The friend who is all down on Amazon was like, I want to buy from Google e-books! And then I read an article (on how indie bookstores are doing great this holiday season, which shows you how evil Amazon has just eviscerated their business) that also mentioned Google e-books.

And I remembered that when I put Trang up on Google Books I looked at that program and found it confusing, so I didn't sign up. But, I thought to myself, it's been almost a year, maybe it's gotten better!

Well, you can find the royalty rates now, although they're not nearly as prominently advertised as they are on Amazon, Barnes & Noble, or Smashwords. And the reason for that is...can you guess? That's right--they suck!

They don't suck as badly as, say, traditional publishing, but they're offering roughly 50%, instead of the roughly 70% everyone else offers.

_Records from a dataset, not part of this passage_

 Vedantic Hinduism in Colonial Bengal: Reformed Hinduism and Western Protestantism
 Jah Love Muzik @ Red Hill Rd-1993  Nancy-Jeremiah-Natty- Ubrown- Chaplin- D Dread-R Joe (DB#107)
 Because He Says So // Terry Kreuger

Wow, do I love indie bookstores so much that I'd be willing to give up 20% of my income?

That's easy: No.

I will probably hold my nose and list Trang on Google, but it will be more expensive. If it's so important to you to shop at Retail Outlet A instead of Retail Outlet B, then I guess it's worth it to you to pay extra. Just keep in mind that the extra money you pay will primarily go into the pocket of that charming little indie Google, Inc. Last year they booked a paltry $8.5 billion in profits on revenues of $19 billion, so clearly they need every dime.

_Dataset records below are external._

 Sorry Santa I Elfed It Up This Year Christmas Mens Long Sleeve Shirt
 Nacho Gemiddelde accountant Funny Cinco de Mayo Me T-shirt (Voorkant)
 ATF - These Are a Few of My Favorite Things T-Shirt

You can tell that the weeping and wailing about indie bookstores has gotten on my nerves. I understand that e-books pose a major challenge--a much greater challenge than being underpriced. But if booksellers feel that the only way they can sell books is by screwing authors hard against the wall, there is a problem.

There are other options: Dean Wesley Smith and Kristine Kathryn Rusch had this idea of creating book cards that could be sold in stores and redeemed for an e-book. They actually went ahead and made some for a convention. That, to me, is a productive solution. Whining about a company that treats writers relatively well while routinely doing business with companies that shamelessly exploit them is not. Boycotting authors is not. Pretending this is a zero-sum game is just stupid. What are you hoping for? That your suppliers will decide that they can't afford to supply you any more?

Writers need to get paid. Everyone else in the entire publishing and bookselling industry is able to make a living because writers are able to write. We don't live on air, people. (Well, I do, but for the vast majority of my adult life, I lived on what I earned by writing.) The whole attitude that writers should be poor permeates our culture, and it's so counter-productive to the creation of literature. If you only ever want to read bland commercial best-sellers that have been carefully homogenized to appeal to the widest possible audience, then you want writers to be poor, to get screwed, to see the profits of their work go to other people. If you want books that are quirky, or weird, or challenging, or interesting, or freaky, or bizarre, or God forbid even art, then you want writers to be able to make a living producing these odd little books.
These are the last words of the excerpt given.